The numbers are not what caused the outcry, however. We are all well-accustomed to seeing sky-high salaries for professional athletes, artists and business executives. It wasn’t the considerable (and equally upsetting) job losses in Quebec or how much the government invested in the CSeries program either.

The cause is the massive rise in salaries despite all these factors. It’s the impression that we are paying more taxes to support a company that uses our generosity to spoil its executives. Isn’t that enough to make our local pride wane? A few years ago, Bombardier produced ads that featured Quebers proclaiming with satisfaction, “This is my plane” or “This is my train”. This year, they’ll exclaim, “Those were my taxes!”

Outrageous salaries will always raise a few eyebrows, but the case of the aeronautical giant is not an isolated one.

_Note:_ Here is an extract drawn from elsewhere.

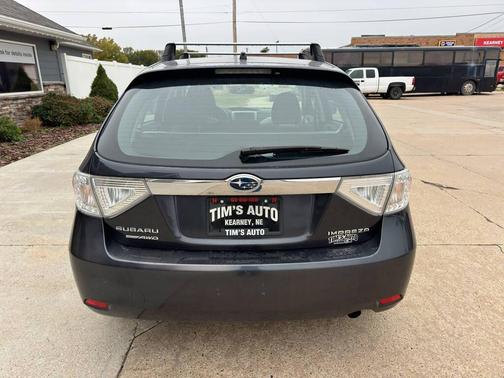 2010 Subaru Impreza 2.5i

Taking into account inflation, the average earnings of the 100 best-paid CEOs in Canada has doubled in the last 20 years. During that same time, the average salary of regular Canadians has only increased by 9%. Today, our CEOs earn 200 times more than their average employee.

Why do companies agree to pay such high salaries? Because they aspire to attracting the best candidate to lead their company, because many of them are waiting for a saviour… and because these companies never face any consequences for doing so.

If more consumers better understood the gap between executive and employee salaries, would they require companies to be more equitable? In the U.S., the Dodd-Frank Act forces companies to publish their CEO-to-worker ratios. Greater transparency about this financial information could help consumers become more aware.

The disclosure of the pay gap between employers and employees will become obligatory in 2017—if the law survives the new American administration and the Securities and Exchange Commission, which is the federal body that regulates financial markets.

This doesn’t require that the ratio be reflected in the price of consumer goods, but optimists hope that it will put pressure on investors to make companies more accountable for how they remunerate executives. The more cynical among us doubt that there will be any change in consumer behaviour.

And the numbers back this. When asked if they would pay more for products made by companies with a more equitable CEO-to-worker ratio, consumers answered with a resounding affirmative. But these are the same consumers who say they’re ready to pay more for organic or eco-friendly products… but don’t.

The disclosure of this ratio will help companies compare their performance to other companies and within their industries. Less successful companies will have to justify their pay scale in a more transparent way than through vague messages to shareholders.

Will being a company with a more equitable CEO-to-worker ratio serve the brand? Or, on the contrary, will massive executive earnings sink the brand? In the case of Bombardier, the brand took another blow. With all due respect to CEO Alain Bellemare, this goes beyond a communications mis-step. And with disclosure, a growing number of companies will have to reconcile themselves to engaging in this new kind of communication.

Companies that already enjoy great popularity will logically want to post a better CEO-to-worker ratio, for fear of losing their status. However, according to a study by Nader T. Tavassoli at the London Business School, executives demand higher salaries when taking the helm of less popular companies. It’s precisely because a brand is well-loved that it can reduce the gap between executive and employee salaries, and not the other way around.

With its reputation in freefall, will Bombardier be able to boost its executive salaries once more next year? If so, it shouldn’t come as a surprise to anyone.